Let there be light
Street lights on a busy thoroughfare have not been illuminated in seven years because they are believed not to be connected to the mains.
The lights are in an alley that connects Newark’s Asda store to Beaumond Cross.
Lombard Medical Centre borders part of the alley, and the chairman of the centre’s Patients’ Participation Group says the area would be safer if it was lit.
Mr David Green said: “It is a quiet area and I have been told that it is a place where people have been known to sell and take drugs.
“I have heard that some of the staff had been accosted as they are coming into work and that shouldn’t be right.”
The area forms part of the former Potterdyke carpark site that was redeveloped after
Newark and Sherwood District Council approved plans for an Asda store, shops and the medical centre.
A council spokesman admitted that it required details of the scheme’s CCTV, lighting and street furniture to be submitted and approved, before the development could proceed.

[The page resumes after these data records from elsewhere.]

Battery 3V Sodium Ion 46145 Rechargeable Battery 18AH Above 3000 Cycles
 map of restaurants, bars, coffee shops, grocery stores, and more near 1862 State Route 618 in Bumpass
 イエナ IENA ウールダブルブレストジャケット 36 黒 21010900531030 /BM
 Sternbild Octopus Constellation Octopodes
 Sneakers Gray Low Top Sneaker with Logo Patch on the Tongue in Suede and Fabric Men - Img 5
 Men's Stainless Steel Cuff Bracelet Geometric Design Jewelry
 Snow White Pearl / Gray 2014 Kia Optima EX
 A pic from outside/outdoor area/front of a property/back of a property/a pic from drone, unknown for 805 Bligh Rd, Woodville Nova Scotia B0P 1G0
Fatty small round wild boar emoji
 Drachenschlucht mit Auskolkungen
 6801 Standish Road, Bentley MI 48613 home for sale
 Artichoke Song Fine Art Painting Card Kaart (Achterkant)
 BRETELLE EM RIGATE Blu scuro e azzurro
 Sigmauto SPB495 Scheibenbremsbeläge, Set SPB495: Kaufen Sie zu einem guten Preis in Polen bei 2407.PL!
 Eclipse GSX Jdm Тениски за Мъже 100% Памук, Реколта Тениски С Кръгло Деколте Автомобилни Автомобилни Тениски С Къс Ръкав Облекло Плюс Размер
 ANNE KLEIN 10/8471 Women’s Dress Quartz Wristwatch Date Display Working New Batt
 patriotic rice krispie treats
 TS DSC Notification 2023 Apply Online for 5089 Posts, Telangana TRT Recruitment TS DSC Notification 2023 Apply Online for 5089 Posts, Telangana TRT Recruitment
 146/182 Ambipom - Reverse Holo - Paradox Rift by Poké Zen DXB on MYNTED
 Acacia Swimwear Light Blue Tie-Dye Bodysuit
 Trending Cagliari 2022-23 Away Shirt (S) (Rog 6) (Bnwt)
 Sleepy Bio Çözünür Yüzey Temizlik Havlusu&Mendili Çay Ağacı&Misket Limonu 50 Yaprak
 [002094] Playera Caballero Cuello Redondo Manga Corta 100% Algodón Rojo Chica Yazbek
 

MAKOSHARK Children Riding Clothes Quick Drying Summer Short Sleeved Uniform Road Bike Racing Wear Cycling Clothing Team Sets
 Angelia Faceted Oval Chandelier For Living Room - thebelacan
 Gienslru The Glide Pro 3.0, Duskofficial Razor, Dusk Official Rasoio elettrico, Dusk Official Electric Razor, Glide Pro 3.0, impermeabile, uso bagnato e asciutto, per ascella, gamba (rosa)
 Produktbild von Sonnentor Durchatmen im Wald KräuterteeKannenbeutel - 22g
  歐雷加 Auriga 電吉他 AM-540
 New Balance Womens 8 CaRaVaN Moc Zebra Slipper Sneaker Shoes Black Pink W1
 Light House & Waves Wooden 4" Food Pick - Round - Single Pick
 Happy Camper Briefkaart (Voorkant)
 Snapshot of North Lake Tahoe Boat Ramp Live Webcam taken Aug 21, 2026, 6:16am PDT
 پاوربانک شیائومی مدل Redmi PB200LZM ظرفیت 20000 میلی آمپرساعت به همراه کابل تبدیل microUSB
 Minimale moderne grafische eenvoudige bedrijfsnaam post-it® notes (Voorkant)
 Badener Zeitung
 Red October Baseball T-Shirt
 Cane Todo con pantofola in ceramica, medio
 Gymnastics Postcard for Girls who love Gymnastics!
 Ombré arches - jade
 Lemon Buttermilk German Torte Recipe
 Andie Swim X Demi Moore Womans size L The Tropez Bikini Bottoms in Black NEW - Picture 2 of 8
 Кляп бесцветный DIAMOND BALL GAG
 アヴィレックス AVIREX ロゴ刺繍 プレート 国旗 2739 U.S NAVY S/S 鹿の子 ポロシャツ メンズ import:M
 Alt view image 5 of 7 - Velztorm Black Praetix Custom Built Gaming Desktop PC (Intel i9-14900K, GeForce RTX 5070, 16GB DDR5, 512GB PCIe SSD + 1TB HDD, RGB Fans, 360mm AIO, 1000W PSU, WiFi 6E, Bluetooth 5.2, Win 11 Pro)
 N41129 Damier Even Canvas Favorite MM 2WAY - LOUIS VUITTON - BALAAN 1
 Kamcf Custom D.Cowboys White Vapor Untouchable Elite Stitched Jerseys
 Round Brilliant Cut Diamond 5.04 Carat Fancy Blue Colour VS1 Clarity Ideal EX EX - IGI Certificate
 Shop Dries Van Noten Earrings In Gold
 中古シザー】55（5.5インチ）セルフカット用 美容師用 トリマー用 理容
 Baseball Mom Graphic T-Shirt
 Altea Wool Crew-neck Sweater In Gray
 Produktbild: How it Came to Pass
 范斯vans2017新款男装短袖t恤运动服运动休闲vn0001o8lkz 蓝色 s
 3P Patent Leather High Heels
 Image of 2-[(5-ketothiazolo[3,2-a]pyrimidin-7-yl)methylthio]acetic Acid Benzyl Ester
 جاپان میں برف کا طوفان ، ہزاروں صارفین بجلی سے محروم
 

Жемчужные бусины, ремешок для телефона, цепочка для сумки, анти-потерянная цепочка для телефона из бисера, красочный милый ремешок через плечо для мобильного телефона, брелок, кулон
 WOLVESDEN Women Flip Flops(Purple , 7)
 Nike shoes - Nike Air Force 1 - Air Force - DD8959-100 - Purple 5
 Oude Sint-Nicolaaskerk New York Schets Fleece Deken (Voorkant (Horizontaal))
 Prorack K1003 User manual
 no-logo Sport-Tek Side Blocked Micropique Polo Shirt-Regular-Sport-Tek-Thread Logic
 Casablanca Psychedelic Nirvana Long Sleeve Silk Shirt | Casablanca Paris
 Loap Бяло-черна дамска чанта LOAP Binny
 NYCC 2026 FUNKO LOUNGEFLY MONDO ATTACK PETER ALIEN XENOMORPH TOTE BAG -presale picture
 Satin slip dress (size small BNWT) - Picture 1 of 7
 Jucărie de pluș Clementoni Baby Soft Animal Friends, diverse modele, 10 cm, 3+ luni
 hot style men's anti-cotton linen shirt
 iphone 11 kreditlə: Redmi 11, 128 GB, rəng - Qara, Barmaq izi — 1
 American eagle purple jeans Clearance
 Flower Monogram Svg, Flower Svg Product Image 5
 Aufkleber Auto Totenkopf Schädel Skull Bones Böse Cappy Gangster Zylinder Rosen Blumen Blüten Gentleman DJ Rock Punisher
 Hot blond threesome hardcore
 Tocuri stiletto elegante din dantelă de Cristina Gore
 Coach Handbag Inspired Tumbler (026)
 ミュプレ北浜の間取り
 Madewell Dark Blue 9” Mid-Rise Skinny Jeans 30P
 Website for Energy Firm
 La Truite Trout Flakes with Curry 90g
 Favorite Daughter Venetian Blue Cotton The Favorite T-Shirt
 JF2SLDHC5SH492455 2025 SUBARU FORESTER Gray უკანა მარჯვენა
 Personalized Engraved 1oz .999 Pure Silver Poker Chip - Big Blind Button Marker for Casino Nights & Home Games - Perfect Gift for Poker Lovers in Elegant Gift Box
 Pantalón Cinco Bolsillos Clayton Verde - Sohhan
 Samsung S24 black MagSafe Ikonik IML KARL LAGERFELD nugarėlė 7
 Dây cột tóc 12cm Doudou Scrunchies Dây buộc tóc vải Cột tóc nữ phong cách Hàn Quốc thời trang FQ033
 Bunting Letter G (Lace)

The scheme was agreed and the lighting columns were added, but they have never been switched on.
Mr Green said the lights were pointless.
“I was told by the district council there was an expectation they would be connected to the electricity,” Mr Green said.
“There are five street lights there and it has been a mission trying to find out how to switch them on, because no one has seen them on in seven years.
“Those lights must have cost a lot of money to put in, but if they are not connected to electricity then what is the point of them?”
Mr Green wants to shed light on the situation before winter.
“All I want to do is get that walkway lit up on dark mornings and dark evenings so staff and patients for Lombard Medical Centre don’t feel intimidated,” he said.
Mr Green believes the lights will become even more important now plans have been submitted to the council for a 66-bed Travelodge to be incorporated into the listed facade of the former Robin Hood Hotel on Beaumond Cross.
Of the situation, the council said: “This relates to private land and we do not have the power to enforce anyone to connect a power supply or ensure lighting is switched on at such a site.
“We will further look into this situation.”
It has been suggested that the lights are on land owned by Asda.
A spokesman for the company said the matter was being looked into.